Smiles are universal. So are expressions of concern, amazement, and disapproval. One discovery I made in China: When the language barrier forces you to pay close attention to eyes and expressions, that close attention causes that barrier to diminish. That’s only one of the lessons I learned last month.
Laura and I joined colleagues Haze Liff, Fan Luo, and Lindsay Mischel on a 2-week, 4-city signing and speaking tour to support the new Mandarin translation of The Biggest Job We’ll Ever Have. Last spring when one of our Chinese parents expressed interest in translating the book, we initially thought she was just being nice. When we learned that she leads one of the largest publishers of educational and parenting books in China — Green Beans Books — we started paying attention. Little did we know that these discussions would lead to the succession of enthusiastic SRO crowds that we experienced in Beijing, Shanghai, Shenzhen, and Xiamen.

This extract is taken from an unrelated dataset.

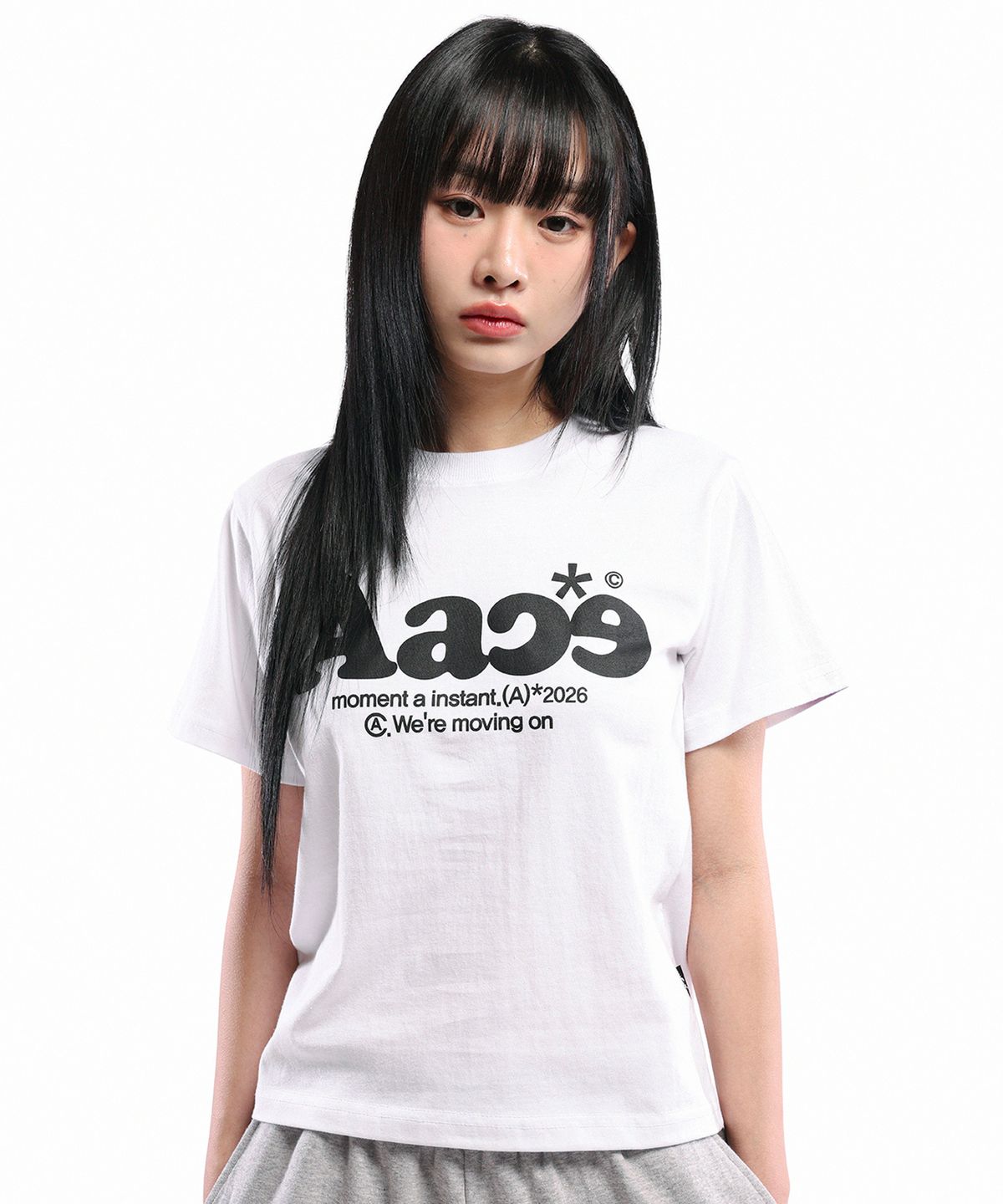어나더 아카이브(ANOTHER ARCHIVE) 우먼 슬림 티피컬 로고 반팔티_화이트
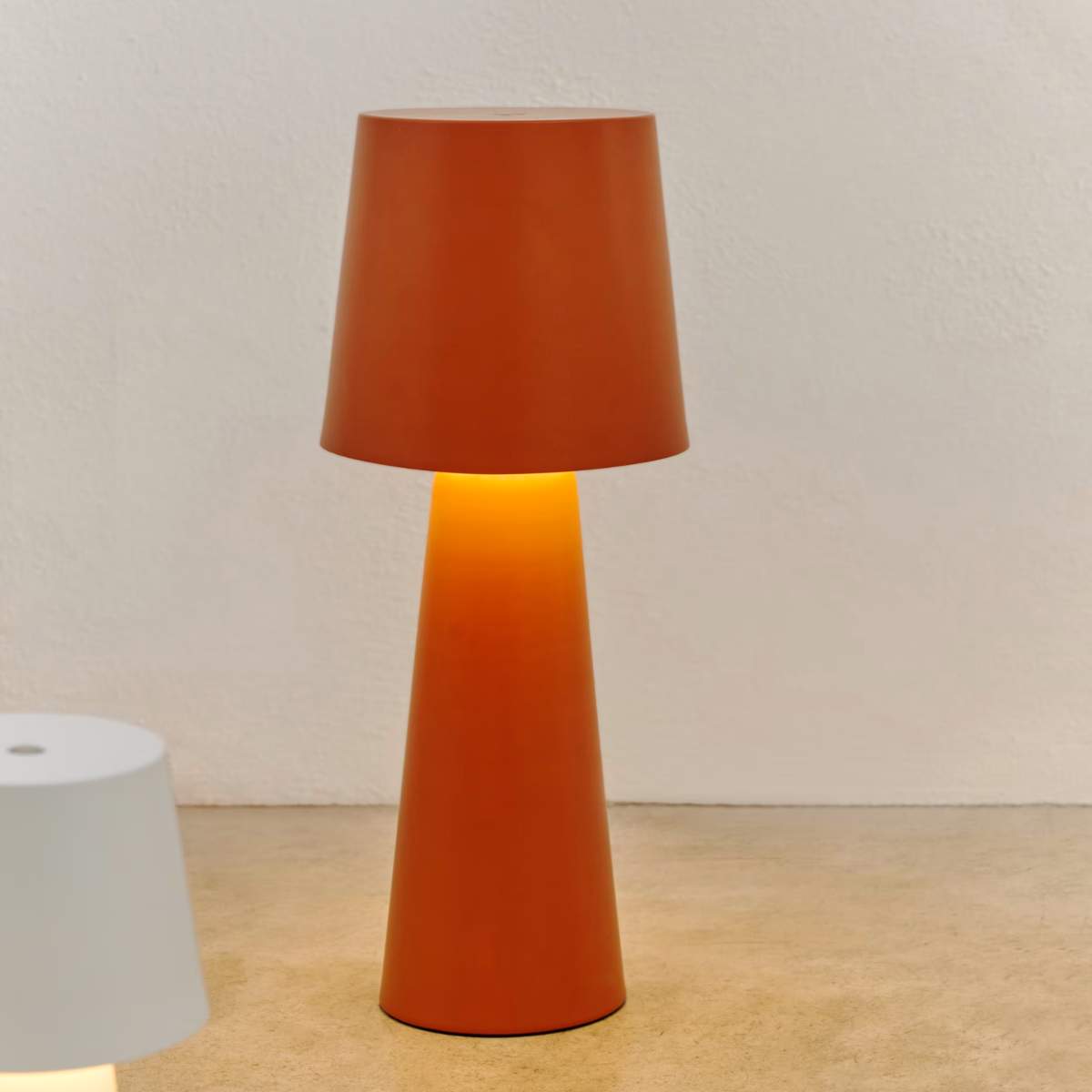 Kave Home Arenys large table lamp in metal with a shiny silver finish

We also could never have predicted that this trip would turn out to be one of the most profound memories of our personal and professional lives. One reason for this: I have never encountered a stronger learning attitude or more genuine curiosity than we experienced during these two weeks (11/4-18). But the main reason boils down to those smiles, those expressions. We saw…
And when we did not know what was being said or written…
Fan and Haze demystified things for us.
It was mostly Moms, but we also got to work with some awesome Dads.
And each and every venue was outstanding with optimal technology.
But most of all, the smiles were nice.